好きだと思うんですがっ!?

「……やっぱ、古柳と付き合ったんだ?」


ドキリ、とした。

星野くんからそんなセリフを直接言われると、焦って手のひらにじわりと汗が滲んだ。

あたしは慌てて口を開いて、その事を否定しようとしたけど、それと同時にあたしの脳内ではさっきの光景が再生された。

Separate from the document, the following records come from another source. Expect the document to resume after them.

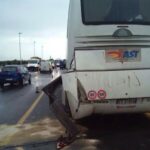 Il bus vittima del casello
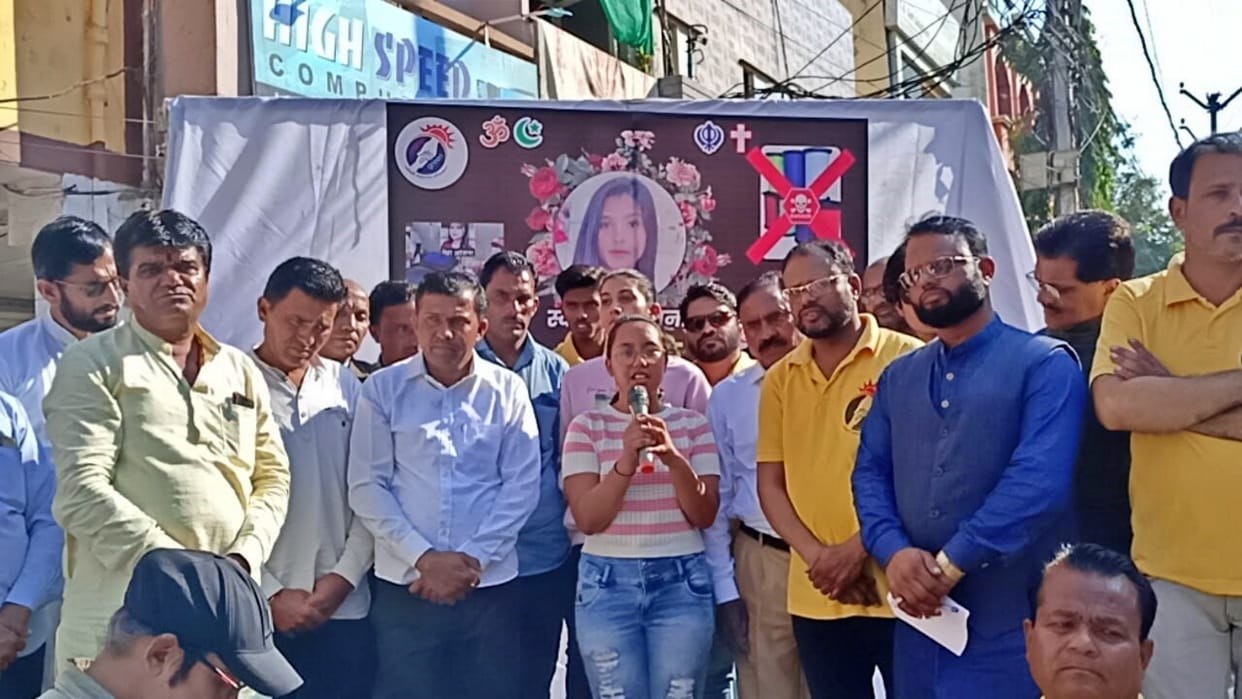 Tribute paid to Neha Anjana who died of throat slit from China Door in Ujjain at Zero Point Bridge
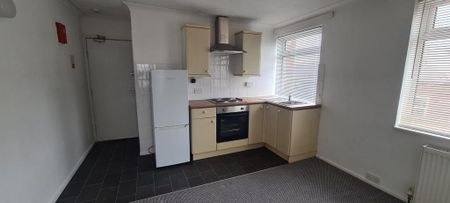 1 bedroom flat to rent - Photo 3
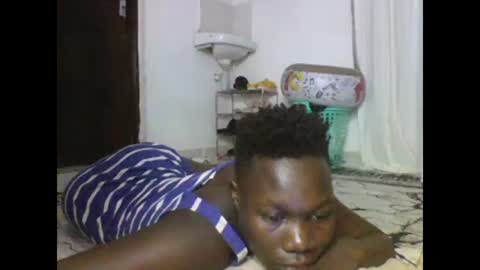 sexqueen02 online show from 02.18.25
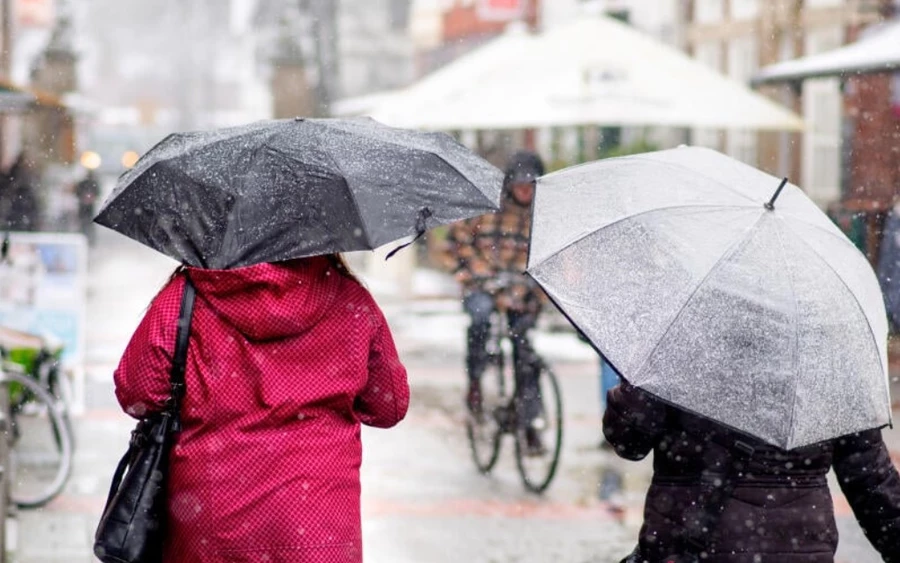 Peter Jurčovič klimatológus szerint bár a karácsonytól már csak négy hét választ el, a téli időjárást azonban nem lehet előre megjósolni. „Pozsonyban péntek reggel 4 fok lesz. Napközben szép napos idő várható, a hőmérsékletek a plusz 10 Celsius-fokokig emelkedhetnek. Hasonló időjárásra számítunk egész Szlovákiában. Katalin tehát nem fog kopogni” – mondta a meteorológus. 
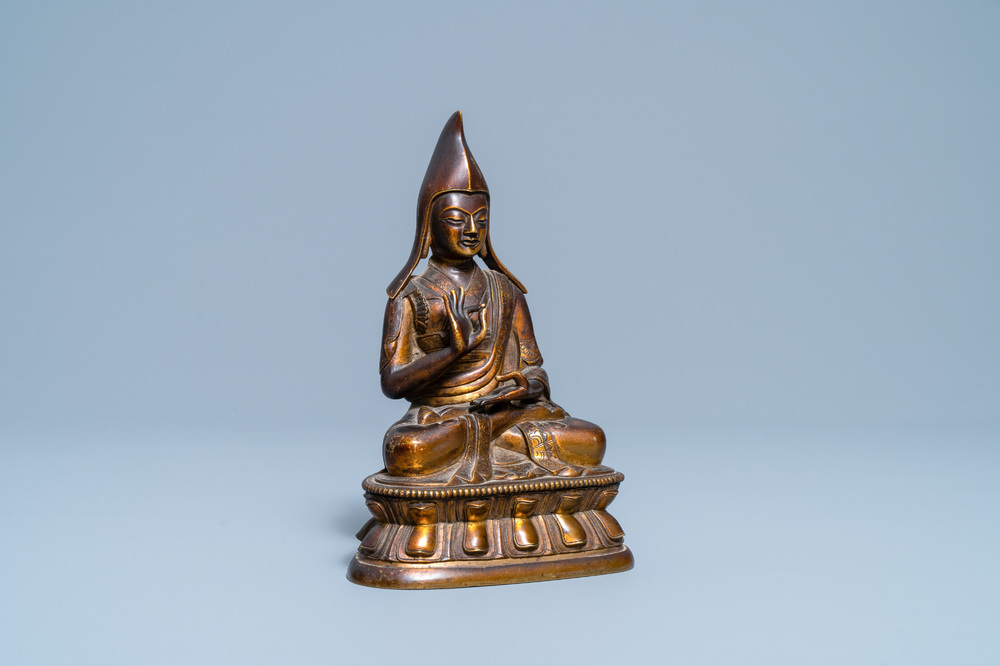 Une figure d'un lama en bronze dor&eacute;, Sino-Tibet, 18/19&egrave;me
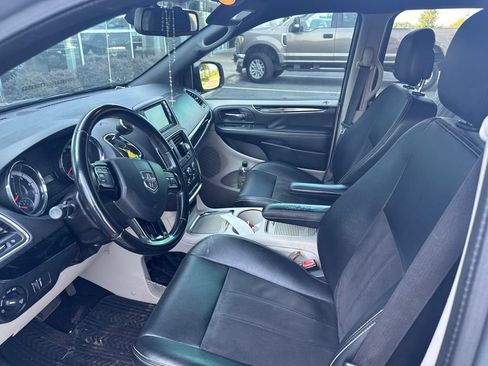 Used 2019 Dodge Grand Caravan SXT FWD image 5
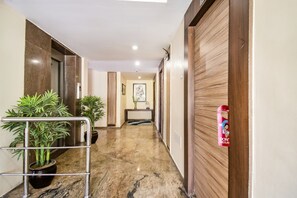 Lobby - FabHotel Jansi Deluxe (Coimbatore)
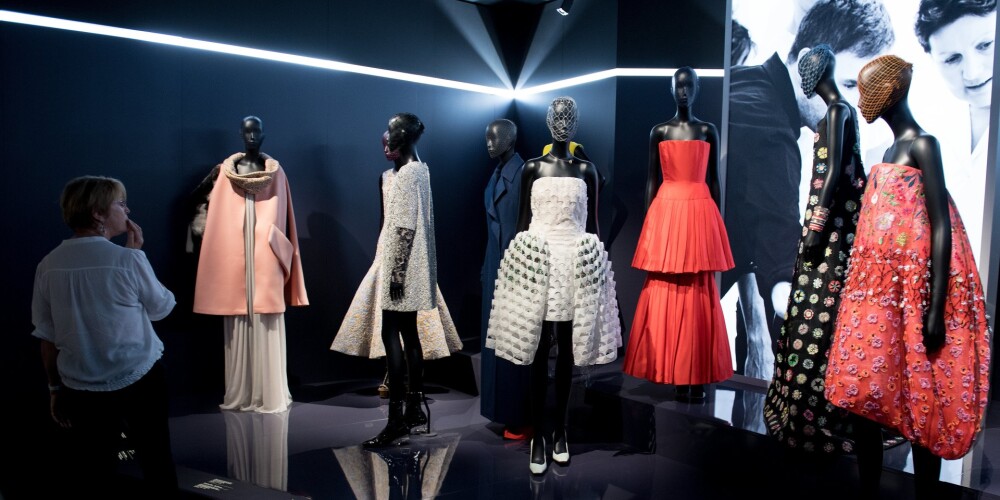 Modes muzejā Rīgā būs skatāma modes namam "Christian Dior" veltīta izstāde "Dior"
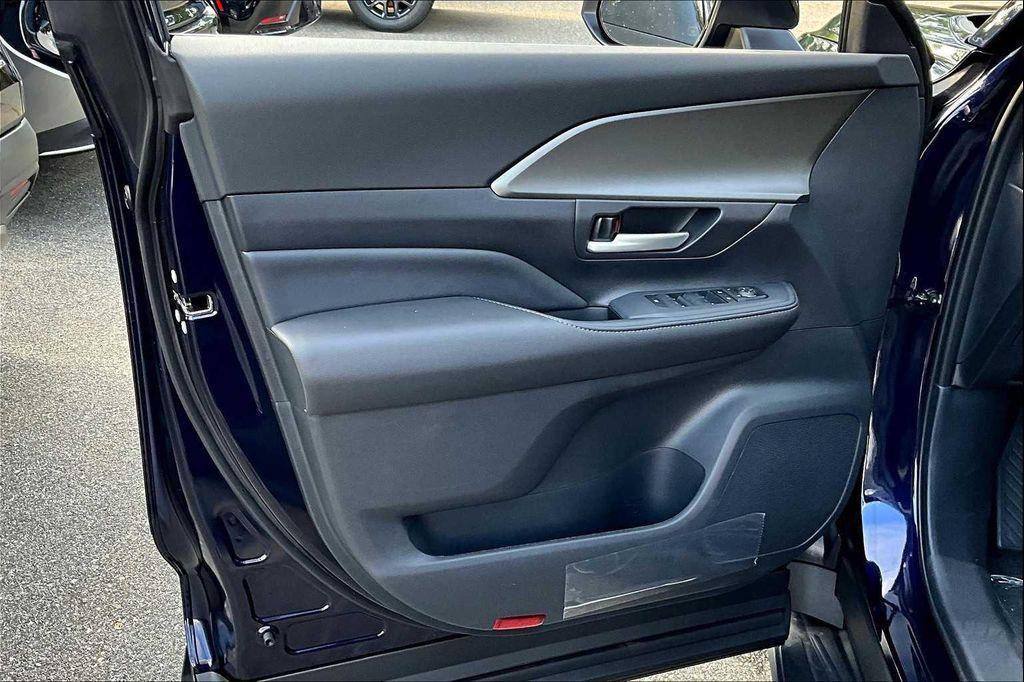 new 2025 Toyota Grand Highlander car, priced at $49,997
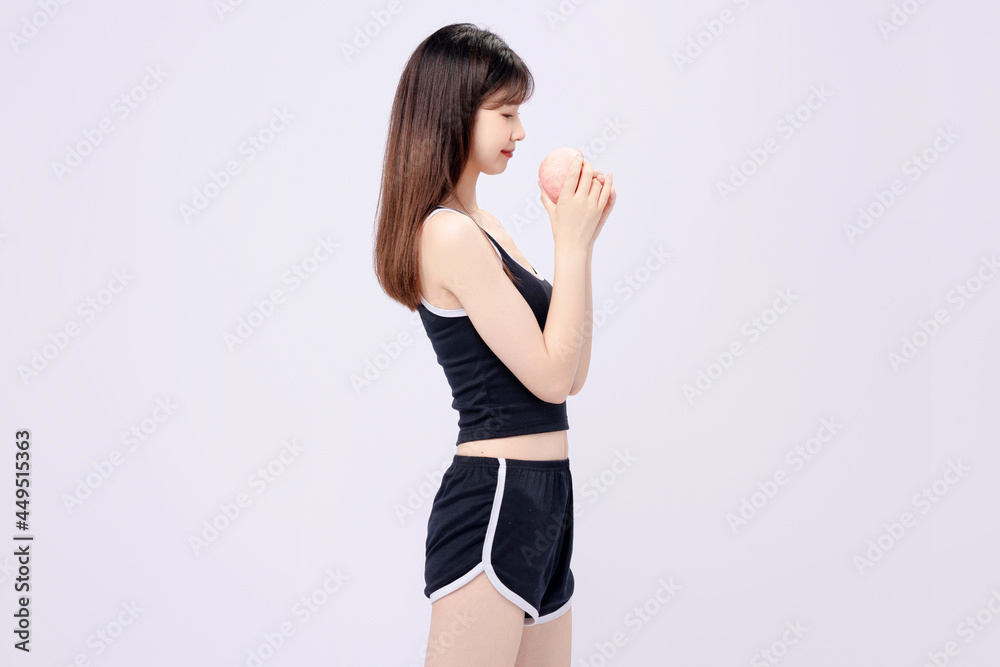 穿着运动服的亚洲美女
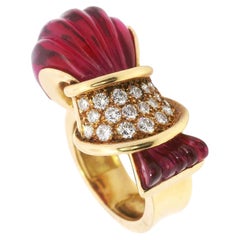 Mid-century 1960 18kt Gold yellow Ring with Pink Tourmaline and Diamonds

木田さんが嬉しそうに去って行った様子が、あたしの目の裏に焼き付いてる。


ーーありがとう。嬉しかった。


そんな言葉が、再び脳内に響いた。


「……そういう星野くんこそ」

「なんだよ」

「付き合ってないとか言ってたけど、もう返事したんだ?」


そう言ったら、星野くんってばあからさまに気まずそうな顔で、あたしから視線を逸らした。


……なんて分かりやすいヤツだ。


「まだ付き合ってないとか言っておきながら、さっさと返事してるんじゃん」

「立ち聞きかよ。悪趣味だな」


星野くんが珍しく苛立ちをその顔にのせて、そう言った。

苛立ちを向けられる事はあっても、こんなに心の底から苛立たれた事は無かったと思う。

あたしもここで怯めばいいものを、むしろ逆にその表情にも言葉にもイラっとして、脳内でカチンという音が鳴ったとともに、頭のどこかでなんらかのスイッチが入った。